# ABOUT THIS EXERCISE:
Your copy of the lines below must match them exactly and contain no images.

# DATA BLOCK:
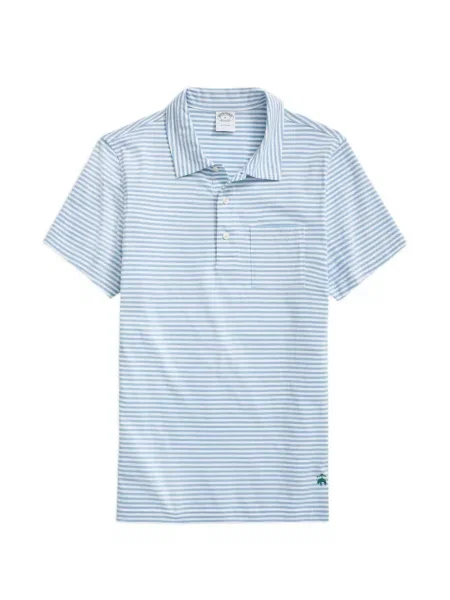 Polo Brooks Brothers cu dungi albastru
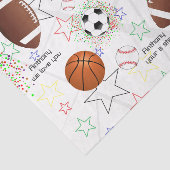 Sport Balls met sterren - Tissue Paper HAMbWG Tissuepapier (Detail)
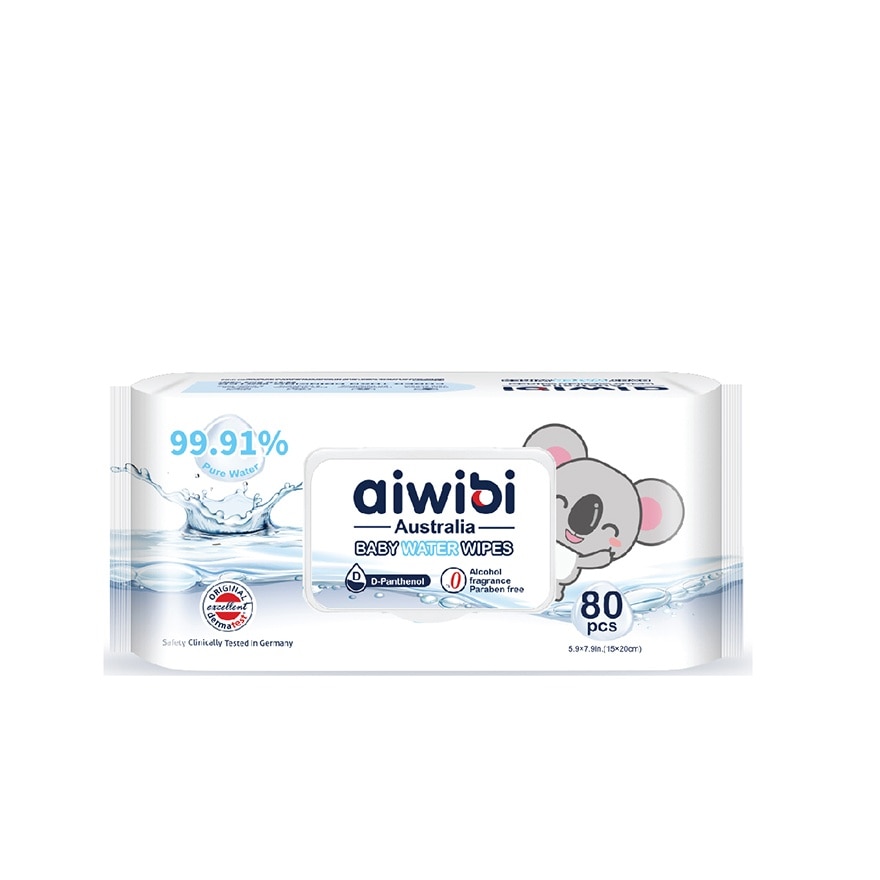 Baby 99.91% Pure Water Wipes (80's x 1Pack)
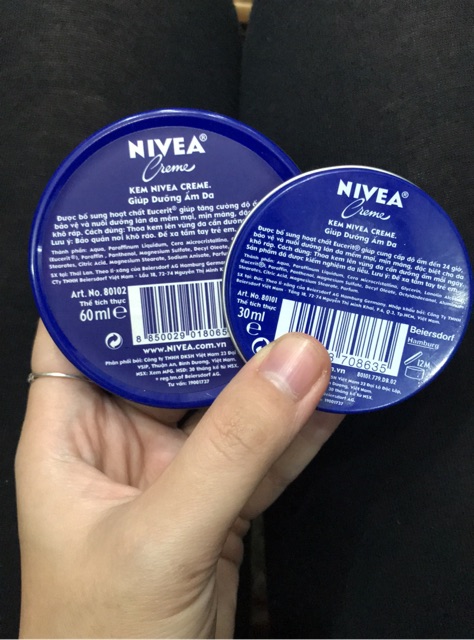 Kem Dưỡng Da Nivea Creme 60ml/ 150ml/ 400ml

# REPLY:
 Polo Brooks Brothers cu dungi albastru
 Sport Balls met sterren - Tissue Paper HAMbWG Tissuepapier (Detail)
 Baby 99.91% Pure Water Wipes (80's x 1Pack)
 Kem Dưỡng Da Nivea Creme 60ml/ 150ml/ 400ml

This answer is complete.